There is also a test for combustion gases in the coolant. Kit from Auto Zone is like $15.00. Instructions included, and if the head gasket is bad, repair costs will depend on where you go (dealer or independent shop), labor rates, and possible machine work.


----------



## pibboater (Nov 20, 2012)

Thank you for the suggestion chuckster57! I'll pick up that combustion test as soon as I can.


----------



## Outkast (Jan 29, 2006)

IACV gasket, coolant leaks past the bad seal onto the electric motor causing the computer to short out. Do a leakdown test on the cylinders and if they are good pull the throttle body off and replace the IACV gasket even if it hasn't blown. There isn't a 99-01 maxima that comes in with high mileage that I don't try to sell that gasket to as a precaution.


----------



## smj999smj (Jan 1, 2006)

For price estimates, try this site:

RepairPrice Estimator - Get an Estimate for a Service or Repair on Your Car


----------



## faisalmakki (Nov 26, 2012)

Replace the radiator cap. 

I did experience a similar problem. No leaks with coolent disappearing. 

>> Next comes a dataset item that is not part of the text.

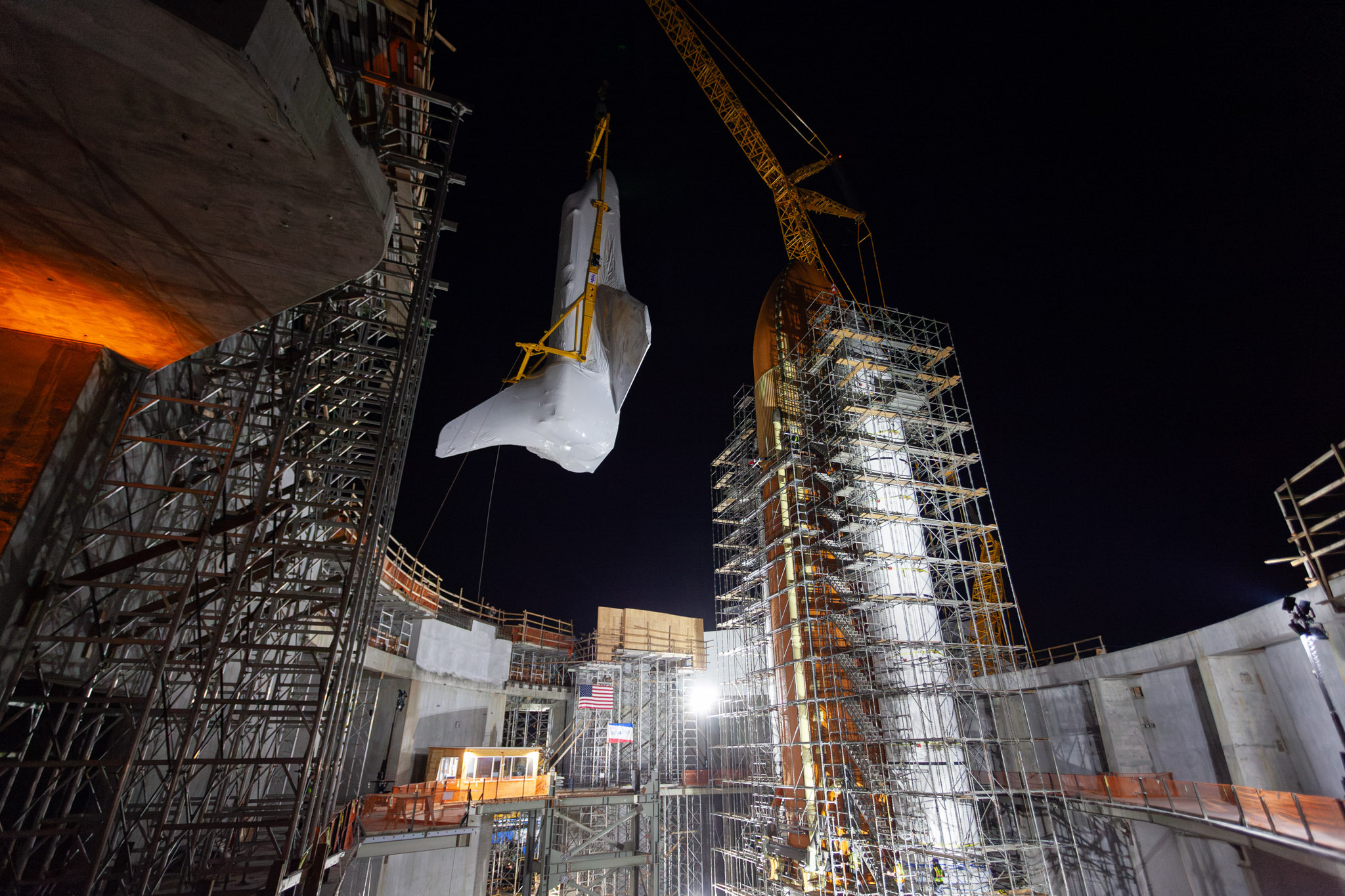 Space shuttle Endeavour fuel tank moving into position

Also check the water pump when you start the car. check when your car has been driven for a while. Check you car a couple of time during the drive. 

The pressure test will not work with radiator cap.


----------



## pibboater (Nov 20, 2012)

@faisalmakki, thank you for the suggestion. A new cap is an inexpensive enough thing to try, so I'll pick one up on my way home. How do you go about checking the water pump -- is it visible under the hood, and you just look for dripping, or something else?

@Outkast, thank you for the suggestion -- I'll mention the IACV gasket when I take it back in.

@smj999smj, that's a neat site, and great for answering my question about a ballpark figure for the repair! Man a head gasket replacement would be expensive.. But since it doesn't run rough, the oil was clean, and there's no smoke, I'm really hoping that's not it. I still need to do the combustion in the coolant test too.


----------



## Outkast (Jan 29, 2006)

The water pump weep hole is hidden but if you see coolant residue in the A/C compressor then you have a leaking waterpump.


----------